- [SOURCE RECORDS]
■ ■ ■ ■

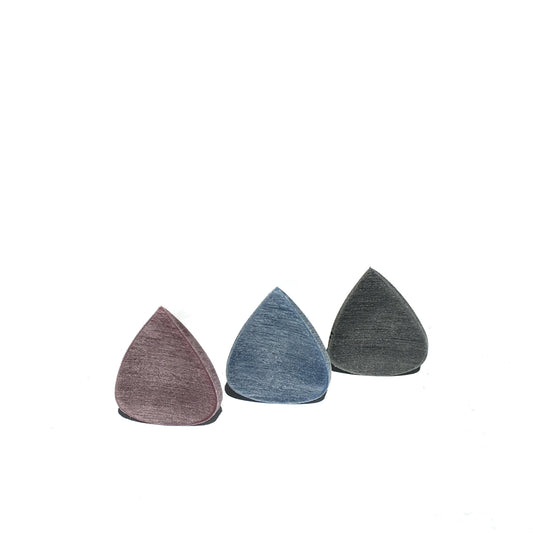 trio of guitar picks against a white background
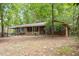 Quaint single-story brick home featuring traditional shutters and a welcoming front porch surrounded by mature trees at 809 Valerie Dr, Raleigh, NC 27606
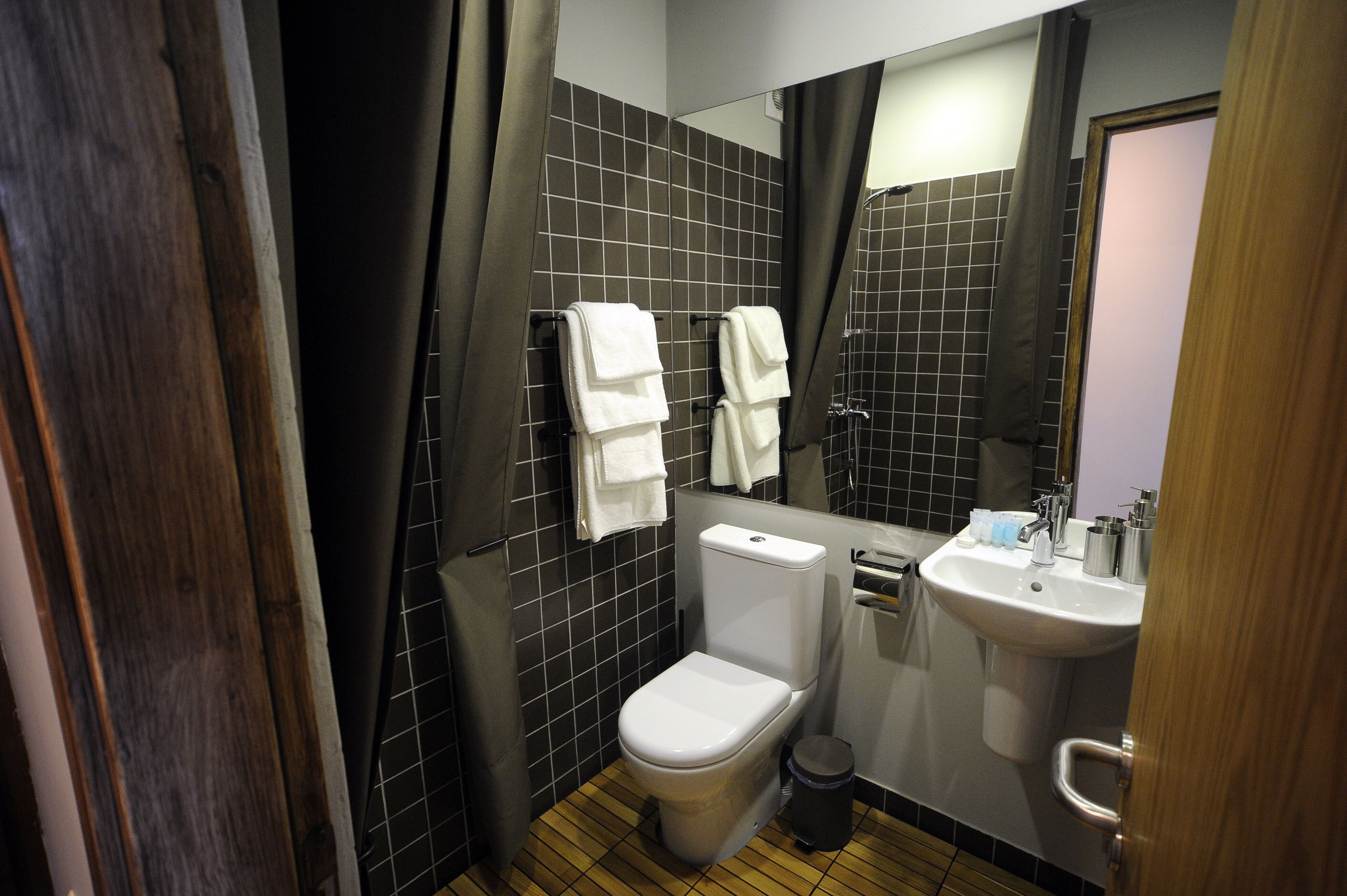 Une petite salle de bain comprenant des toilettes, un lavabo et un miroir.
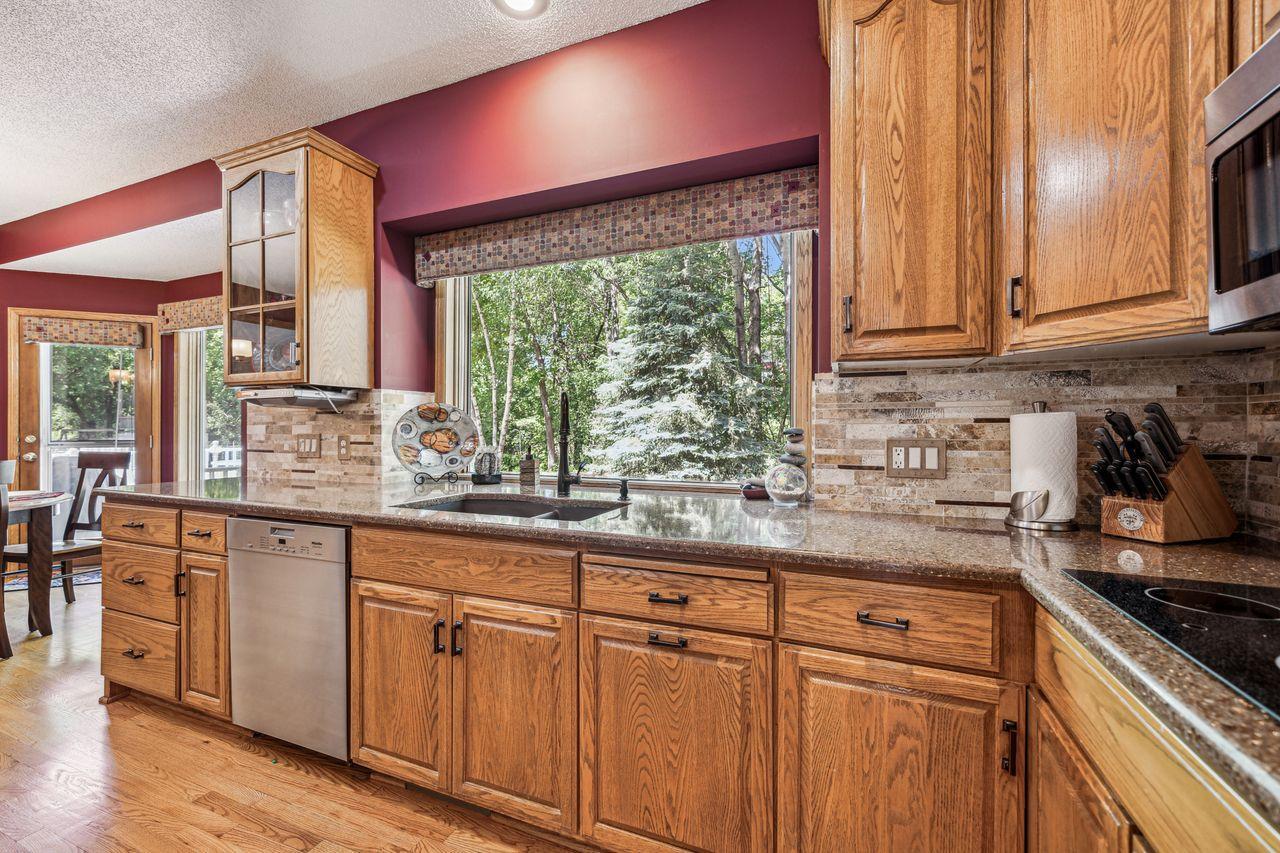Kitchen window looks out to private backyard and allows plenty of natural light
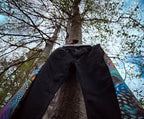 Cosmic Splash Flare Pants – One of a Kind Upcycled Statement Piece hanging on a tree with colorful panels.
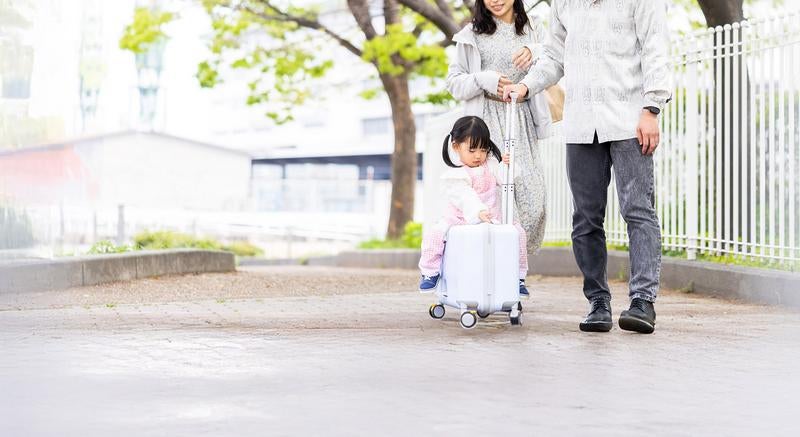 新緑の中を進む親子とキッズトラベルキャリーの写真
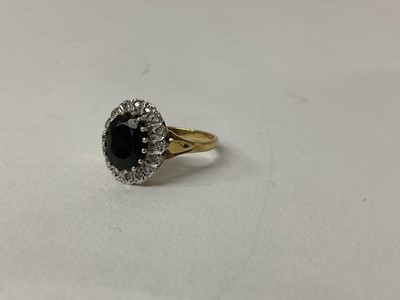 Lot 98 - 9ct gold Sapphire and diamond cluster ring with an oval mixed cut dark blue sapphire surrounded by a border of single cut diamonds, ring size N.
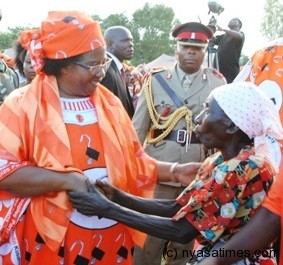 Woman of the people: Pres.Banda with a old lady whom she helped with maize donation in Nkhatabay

■ ■ ■ ■

- [WHAT IS BEING ASKED] I would like you to retype exactly the lines running from the one containing "Cosmic Splash Flare" to the last line of the entries, both included, leaving all pictures out.

- [OUTPUT FOR THIS TASK]
 Cosmic Splash Flare Pants – One of a Kind Upcycled Statement Piece hanging on a tree with colorful panels.
 新緑の中を進む親子とキッズトラベルキャリーの写真
 Lot 98 - 9ct gold Sapphire and diamond cluster ring with an oval mixed cut dark blue sapphire surrounded by a border of single cut diamonds, ring size N.
 Woman of the people: Pres.Banda with a old lady whom she helped with maize donation in Nkhatabay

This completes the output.